The producer nations dependent on energy exports have an equallky difficult set of constraints. They can try to cut production to match plummeting demand, but game theory strongly favors cheaters who announce production cuts but pump as much as they can to maximize revenues as the price of energy drops.

Most energy exporters have built up savings in the form of central bank reserves and sovereign wealth funds, but they now discover another asymmetry in global depressions: the value of their stocks and bonds has plummeted, and even precious metal prices are dropping as everyone is forced to liquidate savings to fund the exporters’ insanely high social welfare / military expenditures.

Why would bonds lose value? As the demand for buyers of newly issued bonds explodes higher (to fund deficit spending), bond yields rise globally as nations compete for the dwindling pool of capital willing to buy potentially risky bonds. As bond yields rise, the value of all existing bonds tumbles off the cliff.

So not only could energy revenues fall by half or more, the value of reserves could also fall dramatically. Nations dependent on energy exports will face a one-two punch with no viable Plan B to replace energy revenues with revenues from some other source.

Energy producers can cut production but they’ll still be selling fewer units for far less money. Energy prices below production costs are “impossible” until there’s competition for declining consumer demand.

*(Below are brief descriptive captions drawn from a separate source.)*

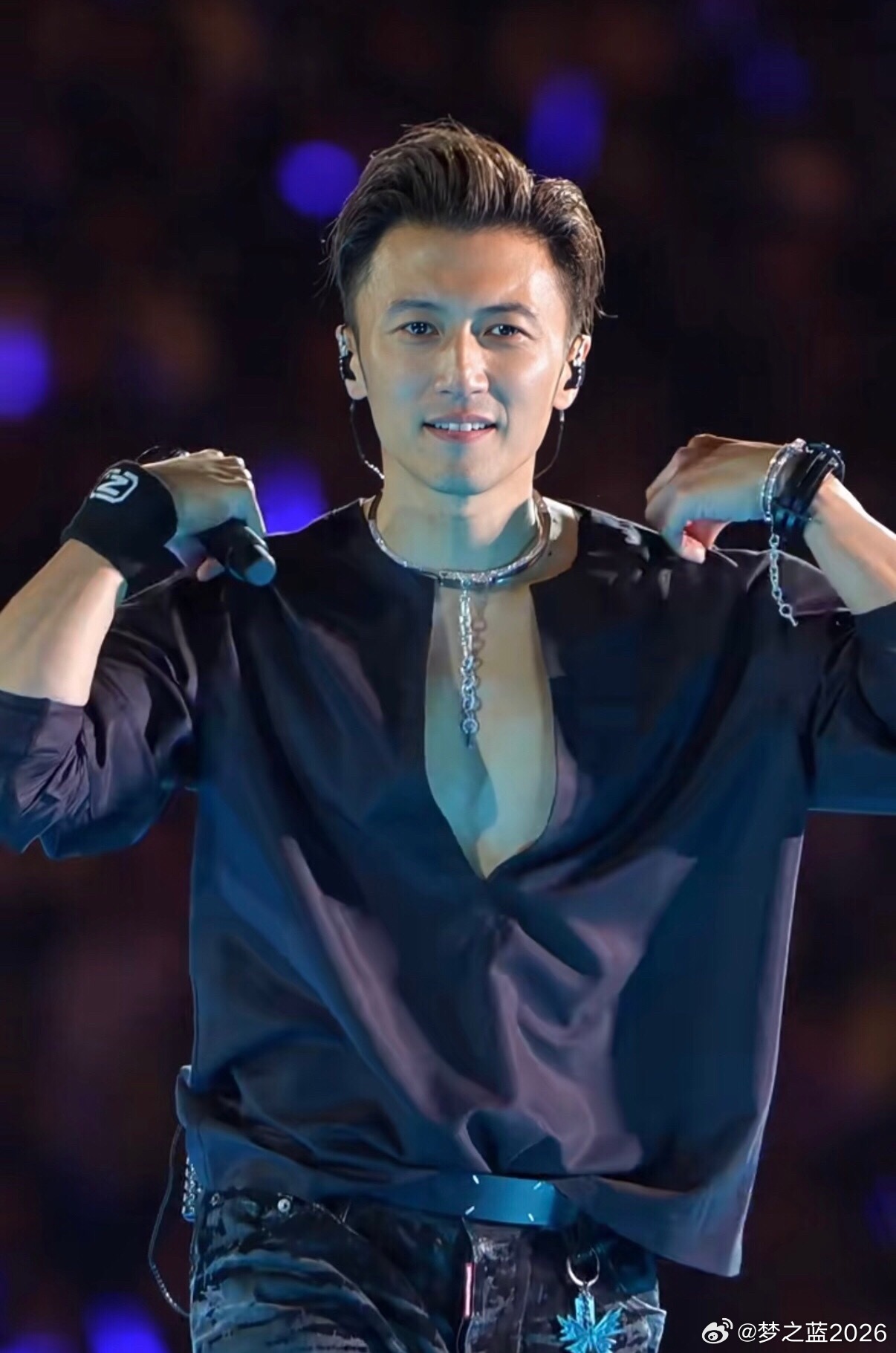 孙浩看谢霆锋演唱会感觉这几年，以前不怎么出现的歌星，都纷纷出来开演唱会了，我还没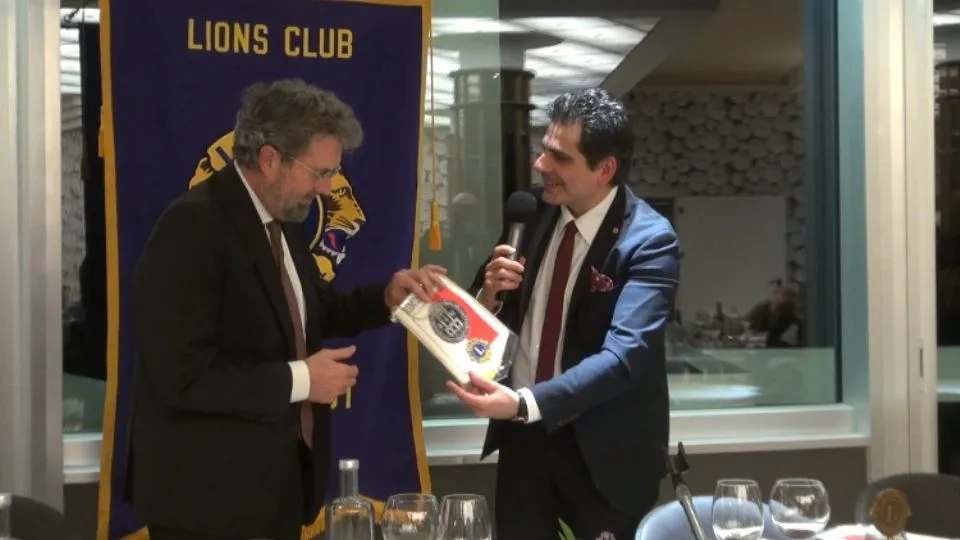 Moreno Maresi insieme al presidente del Lions Club Rimini Host, Daniele Bianchi
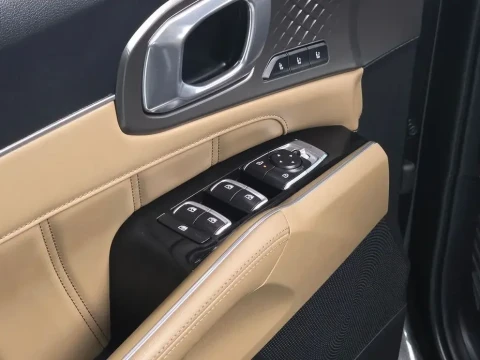 2023 Kia Sorento с пробегом 19 595 км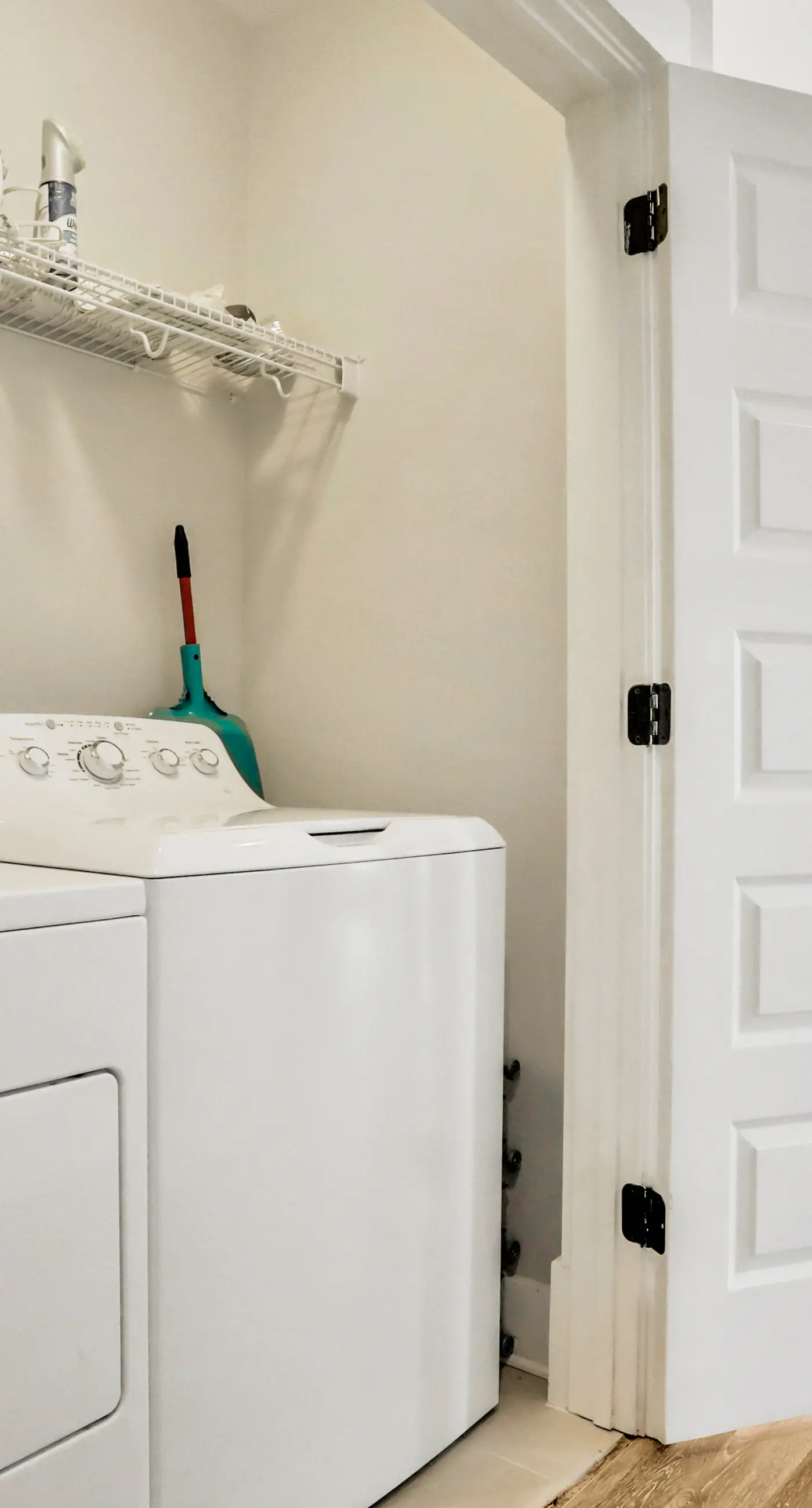 Top-floor retreat 1 block to beach with balcony, W/D, AC, pool & fitness center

The frictionless pathway is to slash prices to maintain national income, and sell off the reserves and sovereign wealth fund assets to fund social welfare and military budgets.

This works for a while, but not for long. A global depression isn’t just deeper than a recession, it’s longer. Depressions occur when all the policy gimmicks reach diminishing returns and they fail to restore “growth” in credit and consumption. Eventually the energy exporters have to cut their government spending, and that will inevitably trigger social and political disorder.

Their difficulties are painfully visible to all, and the demand for any bonds they issue will be low due to the risk that the national enterprise is spending far more than it’s bringing in and therefore could go bankrupt.

Add up these asymmetries and we find a very few winners and many losers. The winners are limited to those nations with these five capacities:

1. Self-sufficiency in energy, or close enough to manage with modest imports from friendly neighbors or allies.

2. Not dependent on energy revenues for the bulk of national income.

3. The capacity to sell newly issued bonds without reducing the purchasing power of the currency, i.e. the risk premium and yield are more attractive than competing issuances of bonds.

4. Maintain a freely traded (i.e. price and risk discovered by the market), liquid market in size for its bonds.

5. A diverse, adaptable economy that maintains deep, liquid, transparent markets for goods, services, risk, credit, bonds and other financial assets.

Systems are defined by their constraints. Should oil fall to $40/barrel and stay there due to declining demand, various constraints start limiting policy options. If savings are depleted to maintain the illusion of solvency,’ various constraints start limiting policy options. If there’s no demand for newly issued currencies / bonds, various constraints start limiting policy options.